Her prospective engagement to the Infante Philip of Spain was announced at court in February 1739, when she was eleven years old. Philip was the third son of Louis XV's uncle, Philip V d'Anjou, King of Spain, and of his second wife, Elizabeth of Parma. Through his mother, he inherited the Duchy of Parma and with his wife founded the House of Bourbon-Parma.

This engagement followed a tradition dating back to 1559 of cementing military and political alliances between the Catholic powers of France and Spain with royal marriages. Despite this and the fact that Philip was her father's first cousin, the announcement of the marriage agreement was not well received at the French court, as there was little chance that Philip would become King of Spain.

The twelve-year-old Élisabeth was married by proxy on 26 August 1739, not having met her future husband beforehand. Afterwards, she was known as Madame Infanta at the court of Louis XV.

She met her nineteen-year-old husband some thirty kilometers northeast of Madrid, at Alcalá de Henares, where the marriage ceremony took place on 25 October 1739.


Élisabeth with her eldest daughter Isabella in Fontainebleau, by Jean-Marc Nattier
Élisabeth with her husband and their children Ferdinand and Maria Luisa; Isabella is shown in a white dress; by Giuseppe Baldrighi

The marriage was not a happy one. The couple had three children:


At the time of Élisabeth's arrival in Spain, etiquette at the Spanish Court was much stricter than that in Versailles. Élisabeth discovered that her mother-in-law, Elisabeth of Parma, was domineering. As a result, she spent most of her time away from the Queen, playing with dolls. Élisabeth wrote of her unhappiness to her father. On 31 December 1741, at the age of fourteen, she gave birth to her first child, Isabella, who was named after the Queen, (Elisabeth is Isabel in Spanish).
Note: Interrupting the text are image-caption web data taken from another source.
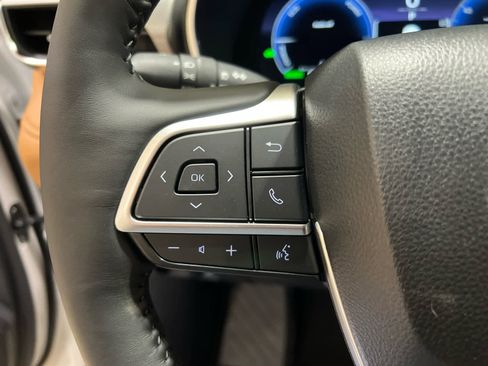 New 2026 Toyota Highlander Platinum image 23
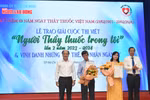 Tác giả Cao Thùy Giang nhận giải Ba cuộc thi viết "Người thầy thuốc trong tôi" lần thứ hai. (Ảnh: PV/Vietnam+)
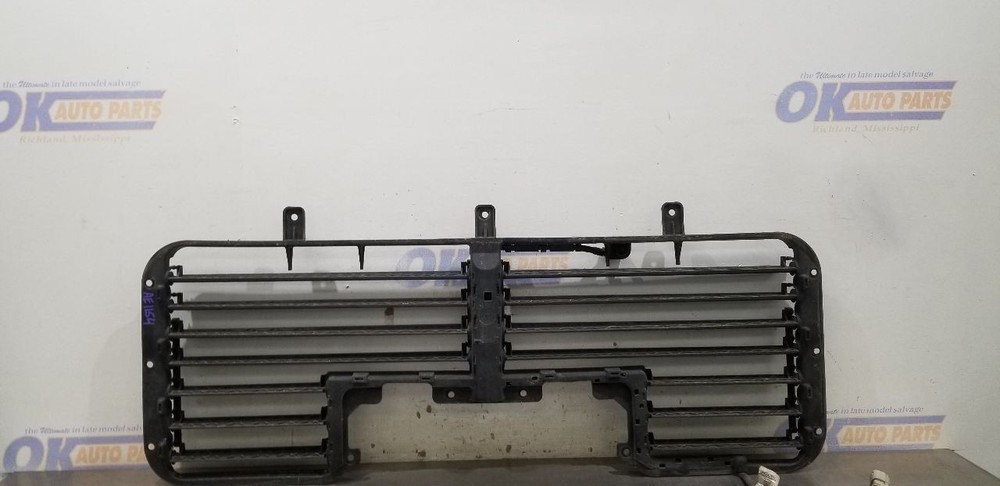 18 GMC SIERRA DENALI 1500 6.2L FRONT AIR SHUTTER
In 1745, Philip's younger sister, Infanta Maria Teresa Rafaela of Spain, was married to Élisabeth's brother Louis, the Dauphin of France.


Élisabeth was able to leave Spain in 1748. In the Treaty of Aix-la-Chapelle (1748) which ended the War of the Austrian Succession, Holy Roman Empress Maria Theresa had to cede the duchies of Parma, Piacenza and Guastalla to her enemy, Philip V of Spain. At Louis XV's instigation, Philip and Élisabeth became Duke and Duchess of Parma.
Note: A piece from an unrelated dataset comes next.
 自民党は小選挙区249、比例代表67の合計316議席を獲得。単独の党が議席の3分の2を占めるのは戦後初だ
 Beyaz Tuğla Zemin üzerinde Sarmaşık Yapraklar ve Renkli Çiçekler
En route to Parma, Élisabeth first went to Versailles where she arrived on 11 December 1748. During her several-month stay in Versailles, she became acquainted with Madame de Pompadour, her father's maîtresse-en-titre.

Élisabeth in hunting dress, by Jean-Marc Nattier

During this first return visit to France, a courtier described Élisabeth as "charming" and as having "piercing eyes" that "express(ed) intelligence" while another, less sympathetic observer claimed she looked like a "well-endowed young woman, matured by motherhood".[6] She arrived in Parma in October 1749. While in Parma, she and her husband lived in the Ducal Palace of Colorno [7] In 1751, she gave birth to her children Ferdinand and Maria Luisa.
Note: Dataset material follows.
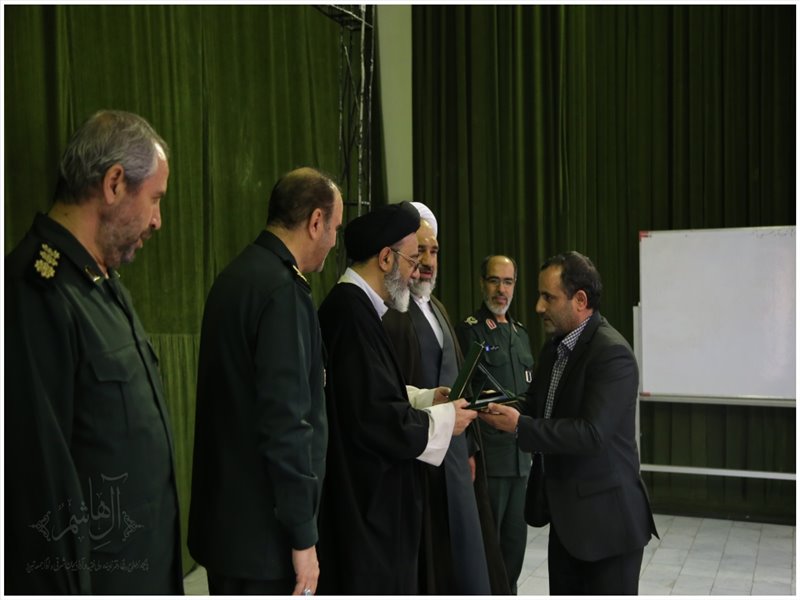 تجلیل از پاسداران نمونه سپاه عاشورای آذربایجان شرقی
Élisabeth's twin sister Henriette died in 1752, and Élisabeth returned to France in September, visiting her tomb at Saint-Denis and remaining in Versailles for almost a year.

Élisabeth returned to France again in September 1757, to arrange the marriage of her daughter Isabella to the Archduke Joseph of Austria, the future Emperor Joseph II, which took place in 1760.

King Ferdinand VI of Spain died without an heir in August 1759 and was succeeded by his younger (and Philip's older) brother Carlos, who became Charles III of Spain.

Élisabeth fell ill while she was at Versailles, and died of smallpox on 6 December 1759 and was buried on 27 March 1760 at Saint-Denis Basilica beside her twin, Henriette. Their tombs were desecrated in 1793, during the French Revolution.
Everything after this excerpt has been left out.